INFORMATION SUPPLIED =
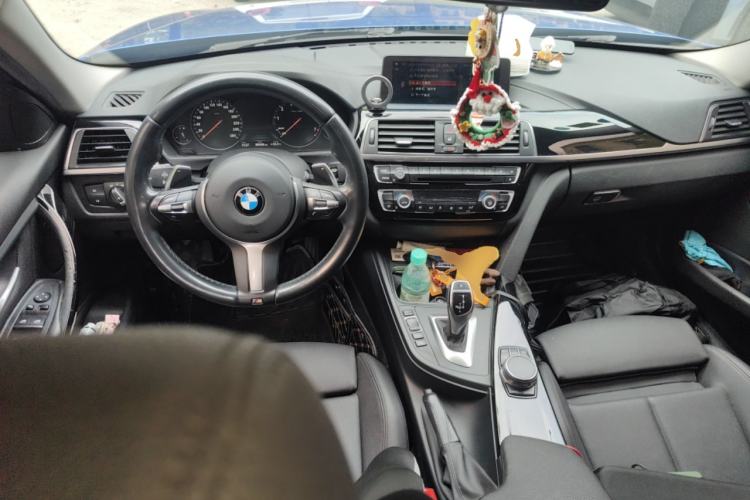 Used BMW 3 Series 2018 320Li Leading Model M Sport Package Center Console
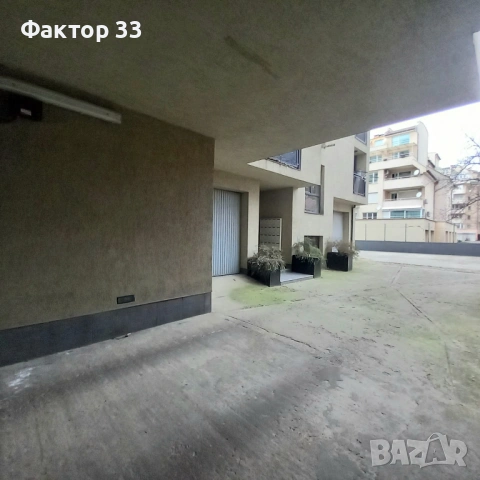 МАГАЗИН с НАДЗЕМЕН ГАРАЖ в кв.Борово,  ТОПЛОКАЦИЯ , снимка 11 - Магазини - 53541572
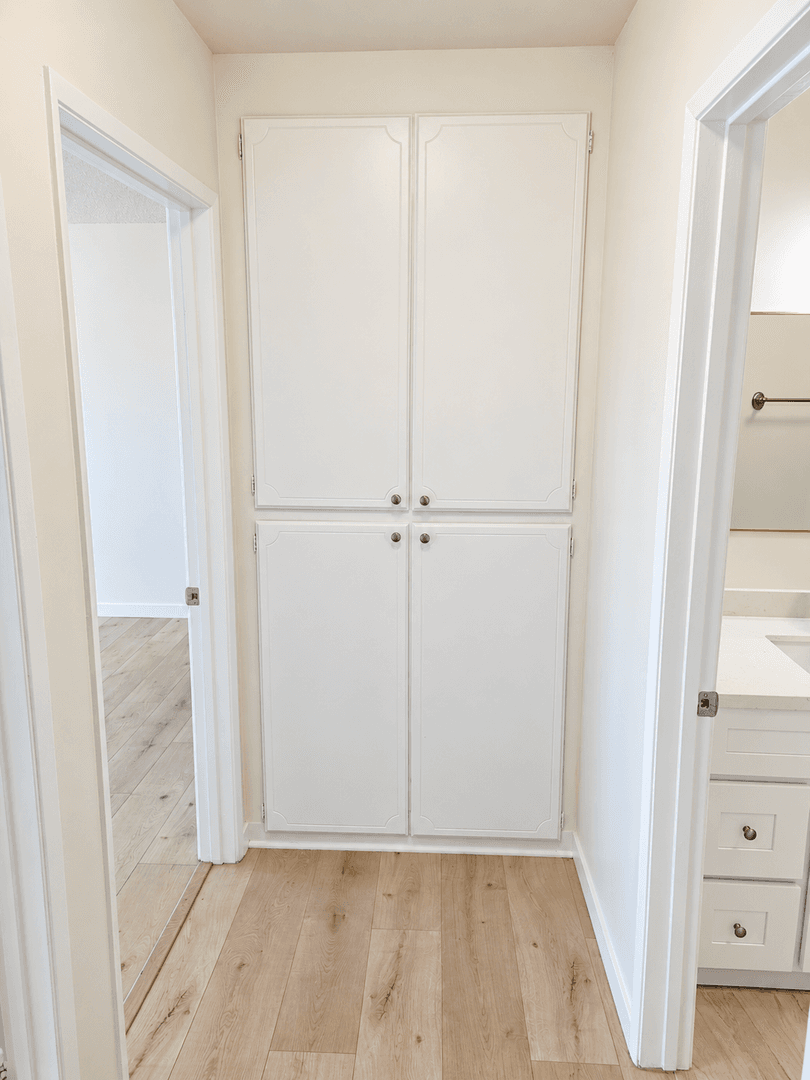 Northridge Apartment: 18521 Prairie St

WHAT IS REQUIRED = What the answer needs is every line from the one with "МАГАЗИН с НАДЗЕМЕН" through the last line of the data, reproduced word for word and with pictures omitted.

ANSWER BELOW =
 МАГАЗИН с НАДЗЕМЕН ГАРАЖ в кв.Борово,  ТОПЛОКАЦИЯ , снимка 11 - Магазини - 53541572
 Northridge Apartment: 18521 Prairie St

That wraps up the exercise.